Short text fragments from websites:
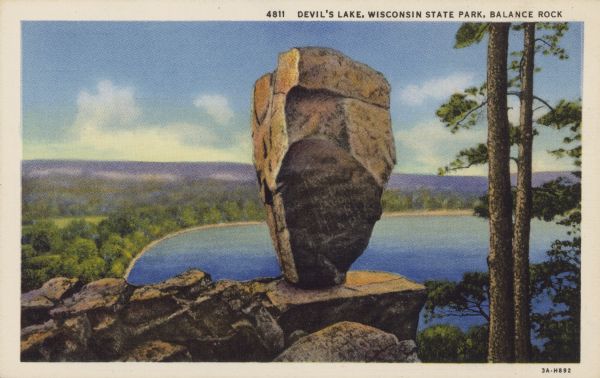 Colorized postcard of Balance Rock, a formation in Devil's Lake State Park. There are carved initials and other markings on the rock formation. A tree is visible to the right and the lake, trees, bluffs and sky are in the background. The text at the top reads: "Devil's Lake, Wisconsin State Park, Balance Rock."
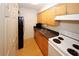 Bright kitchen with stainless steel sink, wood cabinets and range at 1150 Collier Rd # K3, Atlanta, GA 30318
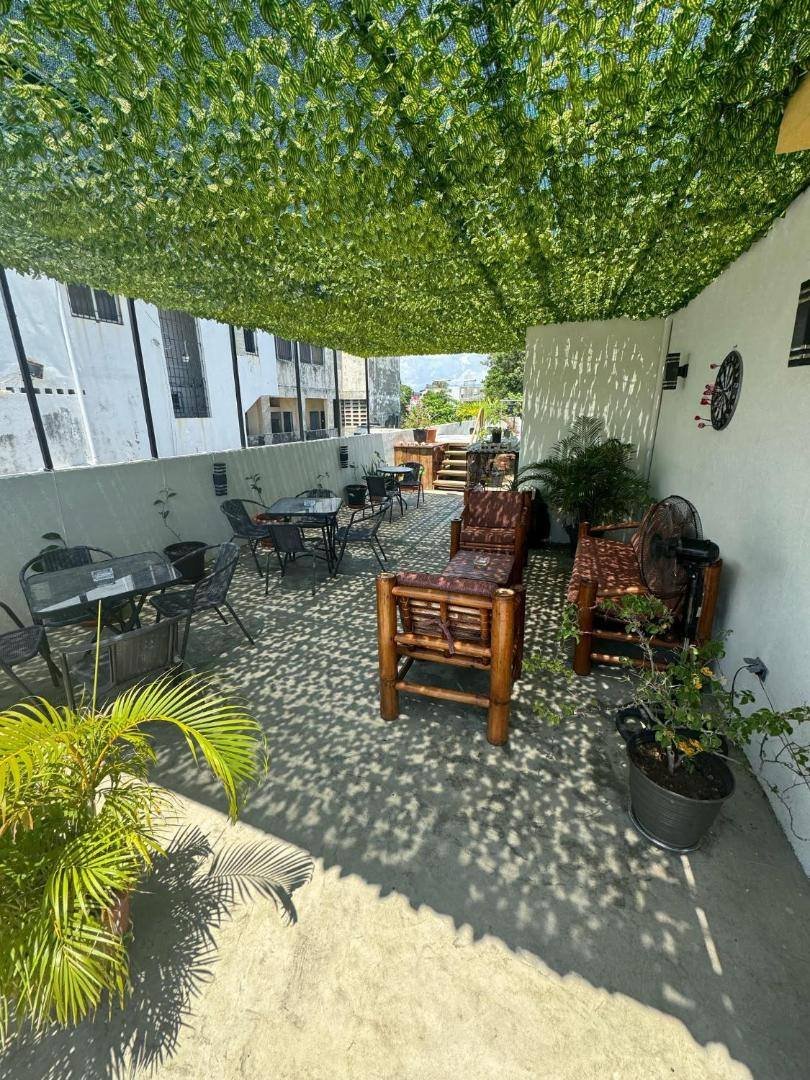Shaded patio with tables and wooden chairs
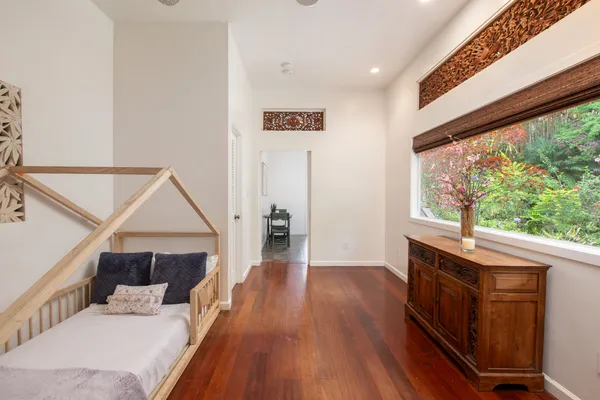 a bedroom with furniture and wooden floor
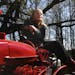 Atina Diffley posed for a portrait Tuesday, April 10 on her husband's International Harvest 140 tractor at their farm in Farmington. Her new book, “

** INSTRUCTIONS FOR THE TASK **
Your answer must be the entries repeated exactly, with no pictures.

** ANSWER TO THE PROBLEM **
 Colorized postcard of Balance Rock, a formation in Devil's Lake State Park. There are carved initials and other markings on the rock formation. A tree is visible to the right and the lake, trees, bluffs and sky are in the background. The text at the top reads: "Devil's Lake, Wisconsin State Park, Balance Rock."
 Bright kitchen with stainless steel sink, wood cabinets and range at 1150 Collier Rd # K3, Atlanta, GA 30318
Shaded patio with tables and wooden chairs
 a bedroom with furniture and wooden floor
 Atina Diffley posed for a portrait Tuesday, April 10 on her husband's International Harvest 140 tractor at their farm in Farmington. Her new book, “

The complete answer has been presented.